> _Problem_: Please give, word for word, the line containing "2002 Jeep Grand Cherokee Limited" and every line that comes after it in the data below.
[Start of Attachment]
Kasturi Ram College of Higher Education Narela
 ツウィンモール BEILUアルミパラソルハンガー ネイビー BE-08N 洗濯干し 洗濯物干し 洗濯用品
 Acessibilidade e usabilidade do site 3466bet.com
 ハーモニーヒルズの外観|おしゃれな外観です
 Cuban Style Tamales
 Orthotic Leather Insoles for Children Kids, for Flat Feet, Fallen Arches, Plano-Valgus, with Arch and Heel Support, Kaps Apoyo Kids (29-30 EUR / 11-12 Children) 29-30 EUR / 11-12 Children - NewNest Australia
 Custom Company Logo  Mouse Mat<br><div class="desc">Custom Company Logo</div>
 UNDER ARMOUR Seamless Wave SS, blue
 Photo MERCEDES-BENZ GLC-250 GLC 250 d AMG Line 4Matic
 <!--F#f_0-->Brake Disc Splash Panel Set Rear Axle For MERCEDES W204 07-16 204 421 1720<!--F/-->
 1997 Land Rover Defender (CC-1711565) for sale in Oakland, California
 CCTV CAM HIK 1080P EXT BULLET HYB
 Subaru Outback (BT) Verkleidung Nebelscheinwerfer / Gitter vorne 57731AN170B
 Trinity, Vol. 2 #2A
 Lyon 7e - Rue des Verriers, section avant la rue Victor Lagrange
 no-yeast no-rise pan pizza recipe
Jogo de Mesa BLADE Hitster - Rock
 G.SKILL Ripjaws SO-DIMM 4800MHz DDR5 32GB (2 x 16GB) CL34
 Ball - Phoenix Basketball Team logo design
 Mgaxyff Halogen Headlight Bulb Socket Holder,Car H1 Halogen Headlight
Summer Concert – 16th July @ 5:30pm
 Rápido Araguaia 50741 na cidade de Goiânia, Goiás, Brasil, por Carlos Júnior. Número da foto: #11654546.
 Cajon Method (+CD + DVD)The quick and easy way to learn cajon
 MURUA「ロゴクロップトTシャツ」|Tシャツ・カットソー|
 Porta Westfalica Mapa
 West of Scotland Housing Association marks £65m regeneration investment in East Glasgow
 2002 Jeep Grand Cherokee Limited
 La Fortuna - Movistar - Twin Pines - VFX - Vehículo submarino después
[End of Attachment]
> _Task response_:
 2002 Jeep Grand Cherokee Limited
 La Fortuna - Movistar - Twin Pines - VFX - Vehículo submarino después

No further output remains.